What do you think, Madeleine? No. No?
Would you hang on to it for ten minutes?
Absolutely, no problem. Yeah? OK. Excellent.
Lovely. Thank you.
Mm. Sally is a canny player.
But there is only so much time in this game
and Simon has got something ringing in his ear.
A bell? Oh. How is that?
So that would have presumably been driven by something. A hamster.
It makes a nice ring. It does. It could get on your nerves. It would.
I think we best put it away before... How much money do we have left?
Um... 145, is it? 145.
OK. That is still quite a lot of money.
That's actually a very good question,
because now we know we can't spend any more than that.
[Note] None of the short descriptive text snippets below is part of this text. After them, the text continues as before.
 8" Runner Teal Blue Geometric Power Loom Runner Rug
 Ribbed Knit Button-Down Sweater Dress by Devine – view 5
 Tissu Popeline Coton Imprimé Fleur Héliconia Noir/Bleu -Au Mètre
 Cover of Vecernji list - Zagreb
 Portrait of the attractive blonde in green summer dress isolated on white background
So, come on. Actually, seriously, time is a-pushing now.
OK, let's go find something.
Ah, the Reds are starting to panic now. How are your jogging skills?
Pretty good. Good.
All right, let's go for it, because we are losing so much time.
They need to explore another marquee.
And Sally spots something promising.
I quite like that flat dish with the flowers on it.
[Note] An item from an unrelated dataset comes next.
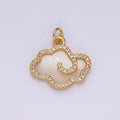 14K Gold plated Shell Pearl Cloud Weather Micro Paved CZ Bezel Charm | AG602 - DLUXCA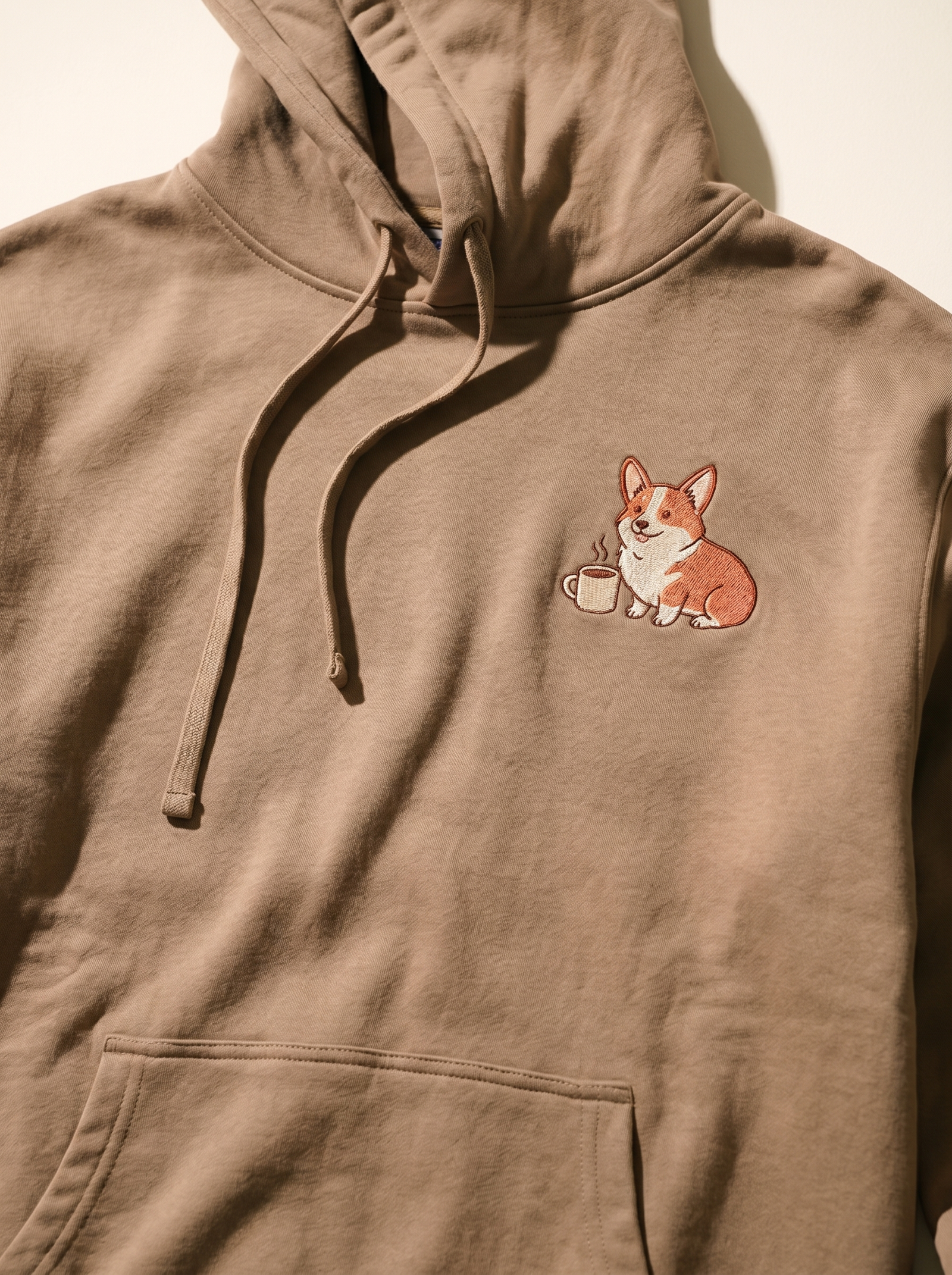embroidered coffee date corgi hoodie - chest detail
Yeah, that's nice. Do like that?
That's OK. Yeah, it is marked at 85.
What would be your absolute best on the...
That one, Moorcroft?
£70. I think we've got a chance with that.
I mean, it won't race away because it is not old Moorcroft,
but it is just a good, clean, pretty item.
The reality is it's one of those things that is either going to be a short-loss,
short-profit or a break-even.
And I can't tell you it's going to be any better than that.
What do you think? I think we should go for that. You do?
OK, I think we're going to go for that.
Do want to try and negotiate and see
if you can get an extra couple quid out of it?
Oh, shucks. Will you take 68?
I can't. He can't.
Split the difference, 69? Oh, go on then.
Yeah, 69 then, lovely.
Yes, we love that, thank you. OK, thank you.
So, the Reds now have two items.
And the Blues are facing a hard sell on the military figure.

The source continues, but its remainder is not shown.